Picking One Player to Build a Football Team Around
It sounds like an easy assignment, but it’s anything but.
Here’s the scenario: you are the manager of a newly formed football club and you can pick one player—any player, but only one—around whom to build your team.
Let that roll around in your head for a moment.
There are reasonable arguments to be made for a handful of world-class players of various positions. A natural goalscorer is always nice to have, but then again a creative midfielder turns most of his teammates into weapons. And what about top goalkeeper or stud defender? Your club won’t get very far if it leaks goals.
In the following slides I have laid out some of the traits I considered in making my selection. Hopefully they’ll explain why I chose the player I did. In the second-to-last slide I reveal the position of the player, and in the final slide I divulge who he is.
Let’s get to it.
Leadership
1 of 6It won’t do much good if the player you’re building an entire team around can’t wear the armband.
When constructing a team from scratch, you have to assume most of the players will have never played together before, and they’ll require a stabilizing influence to smooth the transition from awkward introductions to effective football.
Therefore, I’ve selected a player supremely confident in his own abilities, widely respected as one of the best at his position and an individual his managers for both club and country have trusted with a leadership role.
A Balance of Youth and Experience
2 of 6If age were of no consequence in this exercise I’d be picking Rio Ferdinand, but he’d only be able to give me 25-30 matches a year and for maybe just one or two more seasons.
If a chairman is entrusting you with a significant sum of money to use for acquiring a player around whom to build a team—his team—that player had better be in the prime of his career and still have at leave five years of top-level football left in him.
Ideally, he will also have won things at his previous clubs. There is no substitute for a winning mentality. If I was overlooking experience and considering only physical ability, I’d be after Raphael Varane, or someone of his ilk.
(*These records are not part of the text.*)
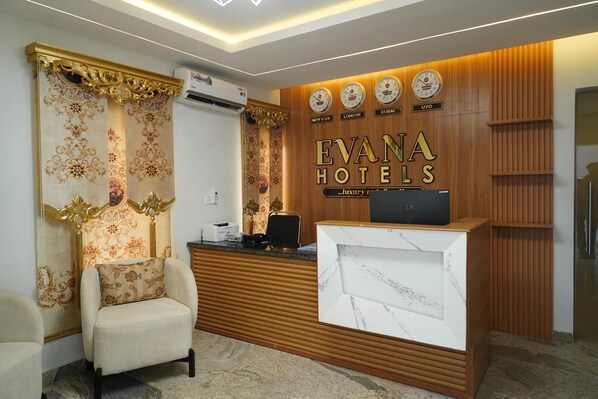 Un área de recepción con un mostrador de madera, un sillón cómodo y una pared con relojes y nombres de ciudades.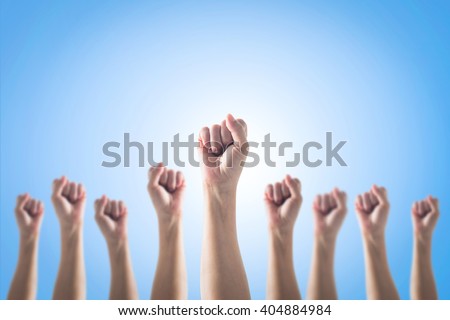 Human fist gesture among blur arm group on blue sky background: Female woman clenched hand raising up showing power strong bunch of five: Women rights strengthening empowering conceptual idea: May day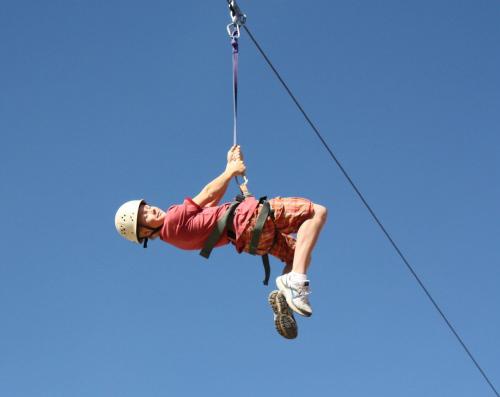 a man is hanging on a zip line at Zion Ponderosa Ranch Resort in Springdale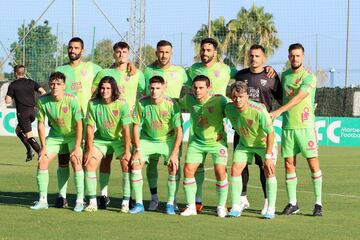 Cristian, el primero agachado por la izquierda, en este once del Málaga ante el Almería.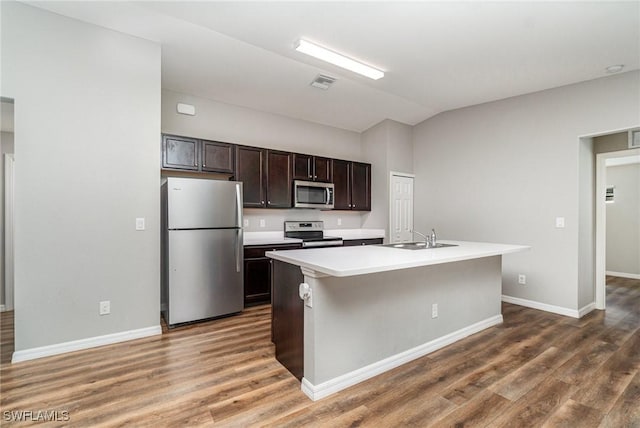 159 Kirby St, Port Charlotte, FL 33954 - kitchen featuring stainless steel appliances, wood finished floors, vaulted ceiling, dark brown cabinetry, and light countertops
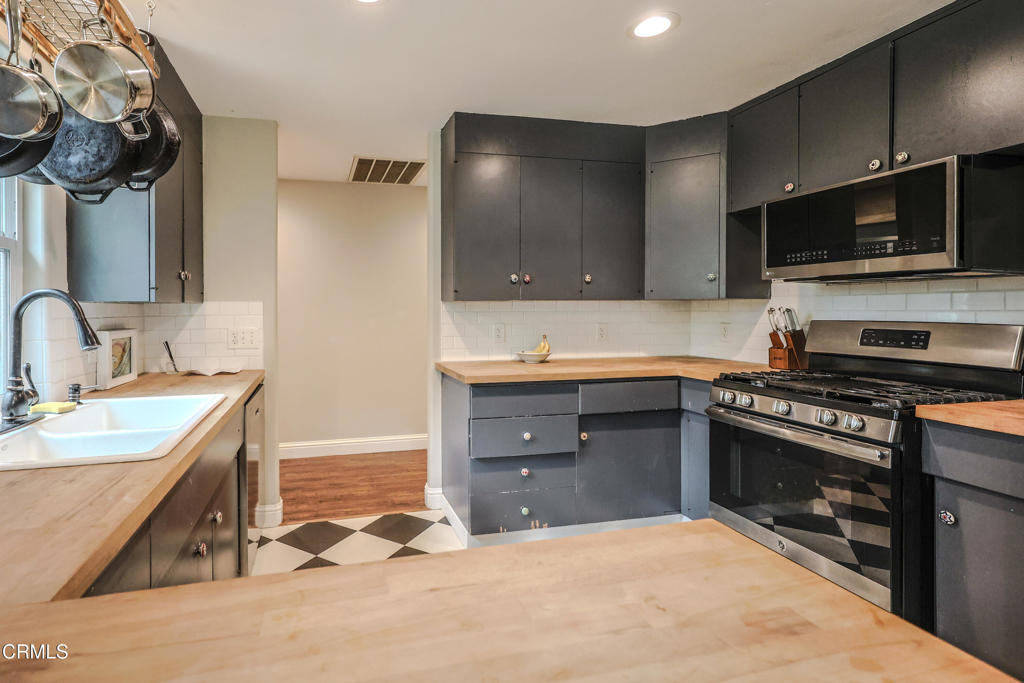 17621 Highway 1 Fort Bragg, CA 95437 - Photo 9 of 23 a kitchen with stainless steel appliances granite countertop a sink stove and microwave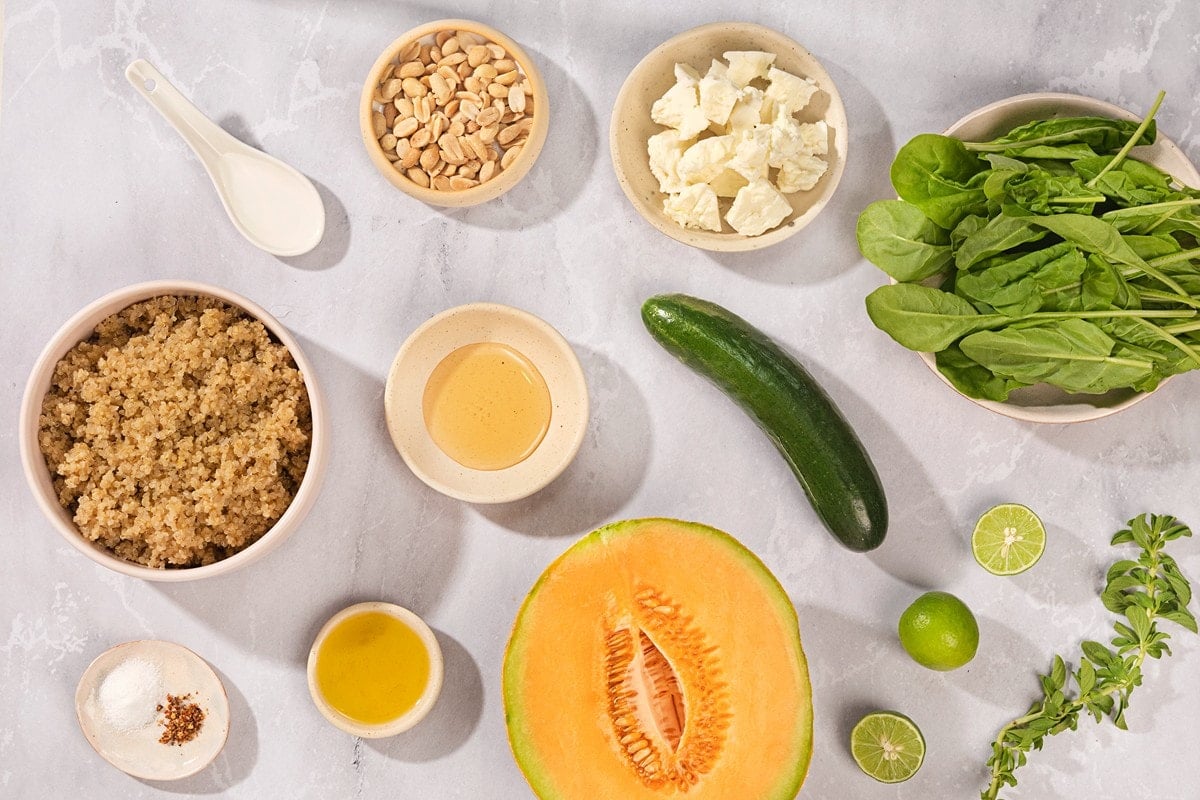 Ingredients for a cantaloupe and quinoa salad sit in little bowls on a grey, marbled table | Hurry The Food Up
At this point I’m sure you’re beginning to sense the direction in which I’m headed.
First Ball
3 of 6The player around who I am building a team will not misplace his first pass; he will not concede possession in his first act after receiving the ball. Rather, he will keep the time he spends on the ball to an absolute minimum, finding a teammate with his first effort or scampering up the field, whatever the situation requires.
Think of Xavi and Andres Iniesta at Barcelona.
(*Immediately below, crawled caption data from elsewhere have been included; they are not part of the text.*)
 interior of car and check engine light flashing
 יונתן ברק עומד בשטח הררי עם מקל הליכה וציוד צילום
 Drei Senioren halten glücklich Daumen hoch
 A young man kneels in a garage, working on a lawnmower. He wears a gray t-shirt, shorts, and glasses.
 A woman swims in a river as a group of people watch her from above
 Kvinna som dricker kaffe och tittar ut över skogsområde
Neither of them are much known for giving the ball away. Quite the contrary. It’s because of Xavi and Iniesta that Barcelona’s possession-oriented football has become an identity, that tiki-taka has become synonymous with an entire generation of Barcelona players.
They never spend more time on the ball than is absolutely necessary. Their movements are efficient and minimize risk. I’m looking for similar attributes in my player.
Positional Dominance
4 of 6It should go without saying that any player around whom a team is built dominates his position to an extent that his teammates don’t have to worry about that patch of the pitch. They’re free to concentrate on their own responsibilities.
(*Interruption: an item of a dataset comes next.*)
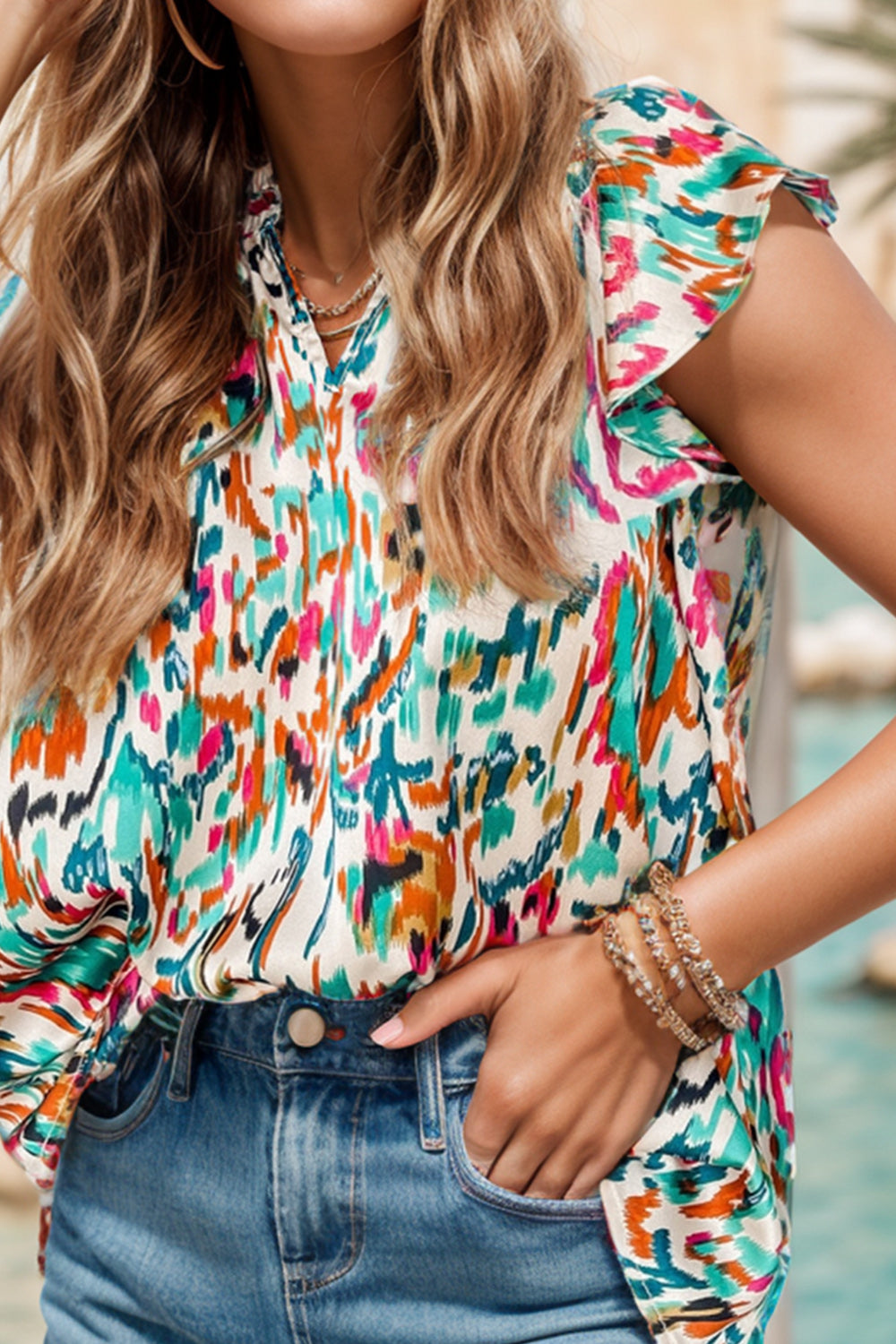 Ruffled Printed Notched Cap Sleeve Blouse
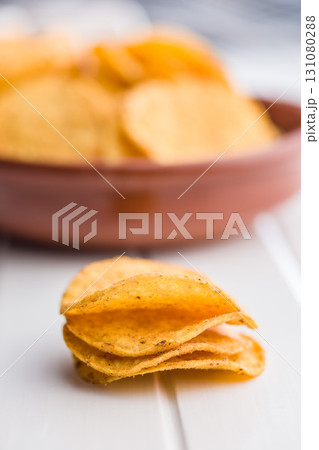 Crispy potato chips on white table. 131080288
When Ronaldinho was enjoying his best years at Barcelona, he so controlled the left side of the park that it was almost as impossible for the opposition attack to get any joy down that side as it was for defenders to contain his movements. He dominated so much real estate that his teammates were able to overwhelm their opponents in other areas of the field.
I want my player to be so imperious in his role that his teammates are already thinking ahead to their own assignments, taking for granted that he won’t put a foot wrong in his position.
A Central Defender
5 of 6You’ve probably guessed by now that the player around whom I will build my football team will be a central defender.
As described in the previous slides, he will lead from the back, be in the prime of his career and yet have won a few trophies, play a faultless first ball and operate as a colossus in front of his own goal.
While natural goalscorers and creative midfielders are also necessary to any winning team, they have to get the ball before they can work their magic. And they won’t get the ball unless it is played to them accurately, without sacrificing defensive integrity.
Thiago Silva
6 of 6At 28 years of age, Thiago Silva is still in the early years of his prime and can be expected to play at an extremely high level for another five or six.
He is also a decorated footballer, having won the Copa do Brasil with Fluminense in 2007 and the Scudetto with AC Milan in 2011—the same year in which he was awarded the Serie A Defender of the Year gong and named to the UEFA Team of the Year, as he was again in 2012.
A natural leader, he has previously captained Brazil and currently wears the armband at Ligue 1 leaders Paris Saint-Germain. And as far as his athletic abilities are concerned, few defenders play as fine a first pass as Thiago Silva, and few keep as tidy a back line.
In a way, my selection has already been vindicated.
Paris Saint-Germain recently built a fantasy football team from scratch and, like me, they chose Thiago Silva as the player to build it around.